The Partnership for the Delaware Estuary and the Australian company that builds the devices, Seabin, launched the effort in June by putting two of the machines in rivers in Philadelphia to monitor water quality and collect garbage, with a special interest on plastics.
"Everyone's seen the plastic bottles that are floating down the river, or if you've walked alongside the river, you've seen food wrappers or different things," said Angela Padeletti, operations director for Wilmington, Del.-based PDE. "But it's not just those big things. It's the smaller plastics that people might not be able to see just underneath the surface."
The devices, which are also called seabins, are a sort of trash can in the water that sucks in material, both to clean up rivers and gather information for research.
For the 12-month project along the Delaware River, Seabin staff will empty the bins daily. The company has donated supplies and staff time to the partnership.
The bins include water sensors that connect to a cloud-based software platform Seabin is developing.
Seabin CEO and co-founder Pete Ceglinski said in a news release that the project "reinforces the need for immediate solutions to the global problem of plastic pollution in our waterways and our oceans."
"Our project goal is to work together in closing the data gap of microplastics and contaminants in the Delaware [River] whilst engaging the local community with educational and prevention programs," he said.
The company sees the monitoring technology playing a key role.
"Seeing the new tech in the water, operating, how efficient it was and with its cloud-based capabilities, gave us a glimpse of the future today," said Bryan Plante, Seabin's U.S. general manager.
EPA said in a news release it hopes the devices can provide valuable information on the types and volume of trash, and its relationship to storms and flooding.
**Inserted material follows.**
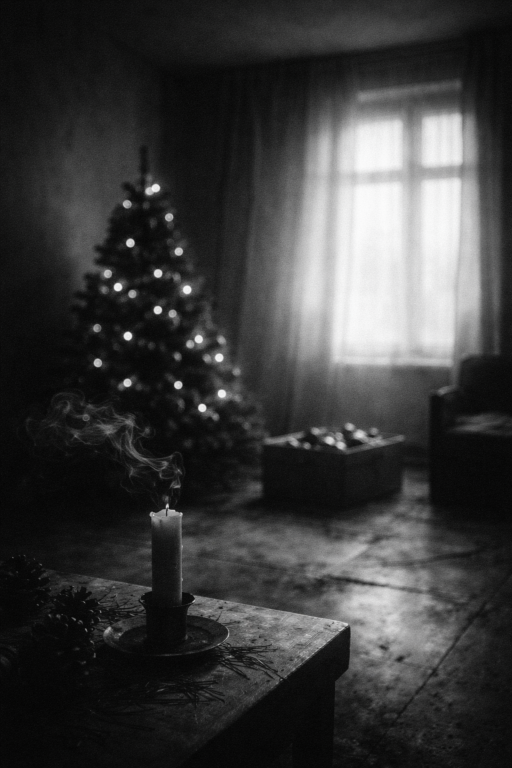 Un árbol de navidad en la soledad de la casa, una vela anhelando que alguien llegue para soplar la tradición olvidada.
"Partnerships like this lead to innovation and accelerate progress," said Adam Ortiz, EPA's mid-Atlantic regional administrator. "We all hate seeing trash floating in our waters and this device is part of the solution. Not only is it pretty cool to watch, but the monitoring and maintenance of the devices can create jobs in public works and sciences."
The bins currently are in two spots, at the Bartram's Garden dock and by the Pier 3 marina in Philadelphia. Another will be placed in Wiggins Park in Camden, N.J., in the next few weeks.
"One Seabin is not going to filter obviously a large amount of water and that's true, but any little bit can help," Padeletti said. "First of all, [we're] taking that plastic out of the waterways.
"And second of all, we, the Partnership for the Delaware Estuary, see this as a tool, to get again, back to the bigger question of what kind of plastics are in our waterways and to educate people about how much are in the waterways," she said.
The bins need to be placed in spots within a specific tidal range and water depth, and they need access to a power supply.
EPA and PDE play very different roles. PDE has more focus on education and outreach about the project and the findings. It plans to start the education process later this year as more data is analyzed.
"When we get that data and information to see consistently kind of what we're capturing, then we'll start talking with educators and the community about what we're seeing in specific regions," Padeletti said.
EPA provides more technical assistance and has funded PDA's educational side of the project. It also helped to find the best areas to locate the bins.
Moving forward, Padeletti said the program will be looking for more funding to expand.
Right now, PDE does not know much about the plastics that have been found, but it has started testing and identifying.
"What we hope to gain is a better understanding of what's really in our waterways and then to take that information back and to figure out how to have less of those plastics in our waterways in the end," Padeletti said.
Seabin is also launching in Los Angeles in Marina Del Rey, where it has eight bins, but it will be expanding to 30.